Kosztowy () is a quarter of the city of Mysłowice in the Silesian Voivodship of Poland. The formerly independent municipality is approximately 4 km south the city centre of Mysłowice, close to the neighbouring city of Imielin. In the course of a major re-organisation of municipal borders in Upper Silesia it was incorporated into Mysłowice together with Wesoła and Dziećkowice.
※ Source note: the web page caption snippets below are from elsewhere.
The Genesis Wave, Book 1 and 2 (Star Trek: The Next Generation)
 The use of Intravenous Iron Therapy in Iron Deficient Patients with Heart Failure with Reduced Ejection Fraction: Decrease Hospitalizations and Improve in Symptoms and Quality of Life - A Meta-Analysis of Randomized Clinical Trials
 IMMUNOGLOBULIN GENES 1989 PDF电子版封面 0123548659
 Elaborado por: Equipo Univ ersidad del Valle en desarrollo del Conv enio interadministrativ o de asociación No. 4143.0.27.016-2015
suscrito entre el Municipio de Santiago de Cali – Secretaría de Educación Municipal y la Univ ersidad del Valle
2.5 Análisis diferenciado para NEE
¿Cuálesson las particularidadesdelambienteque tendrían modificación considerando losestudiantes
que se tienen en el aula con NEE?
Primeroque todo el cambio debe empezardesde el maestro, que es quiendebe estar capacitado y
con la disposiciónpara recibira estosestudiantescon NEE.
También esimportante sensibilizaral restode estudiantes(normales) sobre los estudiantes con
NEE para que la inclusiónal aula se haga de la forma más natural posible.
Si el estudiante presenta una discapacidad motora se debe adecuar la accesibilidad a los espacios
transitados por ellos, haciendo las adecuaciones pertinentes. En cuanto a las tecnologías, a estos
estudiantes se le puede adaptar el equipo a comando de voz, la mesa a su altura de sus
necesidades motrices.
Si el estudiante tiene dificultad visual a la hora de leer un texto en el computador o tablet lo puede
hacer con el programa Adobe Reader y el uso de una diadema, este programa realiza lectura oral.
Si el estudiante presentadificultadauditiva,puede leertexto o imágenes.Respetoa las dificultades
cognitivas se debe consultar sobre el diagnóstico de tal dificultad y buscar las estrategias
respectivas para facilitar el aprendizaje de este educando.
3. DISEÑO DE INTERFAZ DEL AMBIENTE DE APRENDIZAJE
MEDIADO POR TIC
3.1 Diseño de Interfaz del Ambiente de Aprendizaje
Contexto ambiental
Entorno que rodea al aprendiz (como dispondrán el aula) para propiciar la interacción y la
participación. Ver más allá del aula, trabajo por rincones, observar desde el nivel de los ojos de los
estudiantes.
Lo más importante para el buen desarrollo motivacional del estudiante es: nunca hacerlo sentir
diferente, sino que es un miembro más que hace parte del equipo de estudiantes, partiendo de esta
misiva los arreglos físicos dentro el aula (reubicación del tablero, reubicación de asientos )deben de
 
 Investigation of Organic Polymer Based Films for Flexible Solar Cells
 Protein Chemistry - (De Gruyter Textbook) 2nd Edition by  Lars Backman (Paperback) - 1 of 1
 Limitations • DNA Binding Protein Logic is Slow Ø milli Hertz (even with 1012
It has an area of 5,17 km2 and in 2012 had a population of 3,480.

History

The first mentioning of Kosztowy is in an old document from the 14th century. During that time it belonged to the Duchy of Ratibor. In 1391 Duke Johann II (the Iron) gave the large forests surrounding Kosztowy, Imielin and Gross Chelm to the Bishop of Kraków. Since the bishops were also civil administrators of their areas, Kosztowy did not become part of Silesia until 1742. In 1772 it became part of Prussia and from 1792 it belonged to the newly formed district of Imielin. In 1807 it became part of the Principality of Siewierz governed by the French marshal Jean Lannes. In 1817 it was returned to Prussia. The upper-silesian village of Kosztowy had 718 inhabitants in 1885. From 1818 to 1922 it was part of the Kreis (district) of Pless until it was turned over to Poland in 1922.

Facilities

Near Kosztowy there is an FM- and TV-transmission facility with a  guyed mast.